In the records below, find the line containing "1-бөлмелі пәтер ·" and restate it and all lines after it exactly, through the last line.
════════════════════
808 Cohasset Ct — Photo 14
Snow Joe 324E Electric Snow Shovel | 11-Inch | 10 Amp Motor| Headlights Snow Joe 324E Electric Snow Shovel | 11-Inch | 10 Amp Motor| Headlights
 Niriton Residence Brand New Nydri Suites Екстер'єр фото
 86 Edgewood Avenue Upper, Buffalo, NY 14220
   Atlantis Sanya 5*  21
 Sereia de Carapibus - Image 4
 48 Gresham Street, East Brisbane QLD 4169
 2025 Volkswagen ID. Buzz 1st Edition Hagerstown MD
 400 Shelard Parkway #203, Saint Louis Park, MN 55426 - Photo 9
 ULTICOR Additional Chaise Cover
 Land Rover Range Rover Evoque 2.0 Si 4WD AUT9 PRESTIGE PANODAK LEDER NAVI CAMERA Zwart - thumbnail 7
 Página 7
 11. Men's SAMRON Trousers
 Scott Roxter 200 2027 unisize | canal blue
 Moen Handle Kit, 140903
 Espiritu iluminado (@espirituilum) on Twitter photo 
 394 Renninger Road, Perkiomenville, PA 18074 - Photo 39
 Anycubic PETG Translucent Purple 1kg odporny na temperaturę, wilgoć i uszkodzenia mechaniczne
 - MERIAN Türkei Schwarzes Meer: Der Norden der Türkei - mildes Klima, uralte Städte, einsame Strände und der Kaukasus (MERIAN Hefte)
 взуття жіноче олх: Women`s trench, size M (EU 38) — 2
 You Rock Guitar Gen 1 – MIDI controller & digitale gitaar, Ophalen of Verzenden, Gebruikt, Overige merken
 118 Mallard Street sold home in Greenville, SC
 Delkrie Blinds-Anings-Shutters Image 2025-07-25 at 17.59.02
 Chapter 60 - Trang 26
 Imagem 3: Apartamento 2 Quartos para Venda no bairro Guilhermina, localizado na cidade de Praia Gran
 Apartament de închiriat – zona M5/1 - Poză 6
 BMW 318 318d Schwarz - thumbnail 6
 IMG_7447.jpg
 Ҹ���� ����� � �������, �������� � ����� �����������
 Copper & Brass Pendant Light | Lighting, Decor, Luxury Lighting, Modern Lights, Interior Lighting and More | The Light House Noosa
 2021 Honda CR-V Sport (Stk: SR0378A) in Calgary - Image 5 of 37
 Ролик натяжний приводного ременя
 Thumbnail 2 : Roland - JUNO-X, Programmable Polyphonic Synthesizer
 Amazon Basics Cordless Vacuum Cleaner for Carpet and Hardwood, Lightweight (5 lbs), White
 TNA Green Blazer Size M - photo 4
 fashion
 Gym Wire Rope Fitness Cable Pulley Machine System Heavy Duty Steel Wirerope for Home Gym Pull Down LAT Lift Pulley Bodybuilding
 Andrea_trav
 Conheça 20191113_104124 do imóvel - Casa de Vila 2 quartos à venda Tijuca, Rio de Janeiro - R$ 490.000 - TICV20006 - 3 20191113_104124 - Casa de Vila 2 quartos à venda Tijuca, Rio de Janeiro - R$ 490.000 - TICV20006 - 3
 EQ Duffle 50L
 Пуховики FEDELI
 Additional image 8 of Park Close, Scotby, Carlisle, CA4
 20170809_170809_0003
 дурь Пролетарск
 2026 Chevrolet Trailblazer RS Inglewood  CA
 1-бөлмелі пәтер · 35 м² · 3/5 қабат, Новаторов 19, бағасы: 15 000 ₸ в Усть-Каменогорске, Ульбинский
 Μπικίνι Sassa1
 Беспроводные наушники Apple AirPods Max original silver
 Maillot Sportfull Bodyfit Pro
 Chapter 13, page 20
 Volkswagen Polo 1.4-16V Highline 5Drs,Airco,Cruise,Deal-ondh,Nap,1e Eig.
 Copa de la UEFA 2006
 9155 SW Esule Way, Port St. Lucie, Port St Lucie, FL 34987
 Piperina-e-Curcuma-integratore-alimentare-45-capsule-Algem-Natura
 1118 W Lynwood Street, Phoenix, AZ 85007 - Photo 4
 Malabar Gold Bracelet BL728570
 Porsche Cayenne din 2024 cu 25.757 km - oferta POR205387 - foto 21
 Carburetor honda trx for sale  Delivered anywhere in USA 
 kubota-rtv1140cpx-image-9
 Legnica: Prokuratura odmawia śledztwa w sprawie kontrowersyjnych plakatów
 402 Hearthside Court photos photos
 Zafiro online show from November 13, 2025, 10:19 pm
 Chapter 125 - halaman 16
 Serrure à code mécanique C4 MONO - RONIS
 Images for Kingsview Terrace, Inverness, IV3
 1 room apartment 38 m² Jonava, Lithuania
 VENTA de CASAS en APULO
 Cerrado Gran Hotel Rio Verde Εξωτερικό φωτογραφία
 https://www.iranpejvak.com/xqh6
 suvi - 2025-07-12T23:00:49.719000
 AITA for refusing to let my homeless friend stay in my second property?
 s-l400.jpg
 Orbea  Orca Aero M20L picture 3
════════════════════
> _Solution to the exercise_
 1-бөлмелі пәтер · 35 м² · 3/5 қабат, Новаторов 19, бағасы: 15 000 ₸ в Усть-Каменогорске, Ульбинский
 Μπικίνι Sassa1
 Беспроводные наушники Apple AirPods Max original silver
 Maillot Sportfull Bodyfit Pro
 Chapter 13, page 20
 Volkswagen Polo 1.4-16V Highline 5Drs,Airco,Cruise,Deal-ondh,Nap,1e Eig.
 Copa de la UEFA 2006
 9155 SW Esule Way, Port St. Lucie, Port St Lucie, FL 34987
 Piperina-e-Curcuma-integratore-alimentare-45-capsule-Algem-Natura
 1118 W Lynwood Street, Phoenix, AZ 85007 - Photo 4
 Malabar Gold Bracelet BL728570
 Porsche Cayenne din 2024 cu 25.757 km - oferta POR205387 - foto 21
 Carburetor honda trx for sale  Delivered anywhere in USA 
 kubota-rtv1140cpx-image-9
 Legnica: Prokuratura odmawia śledztwa w sprawie kontrowersyjnych plakatów
 402 Hearthside Court photos photos
 Zafiro online show from November 13, 2025, 10:19 pm
 Chapter 125 - halaman 16
 Serrure à code mécanique C4 MONO - RONIS
 Images for Kingsview Terrace, Inverness, IV3
 1 room apartment 38 m² Jonava, Lithuania
 VENTA de CASAS en APULO
 Cerrado Gran Hotel Rio Verde Εξωτερικό φωτογραφία
 https://www.iranpejvak.com/xqh6
 suvi - 2025-07-12T23:00:49.719000
 AITA for refusing to let my homeless friend stay in my second property?
 s-l400.jpg
 Orbea  Orca Aero M20L picture 3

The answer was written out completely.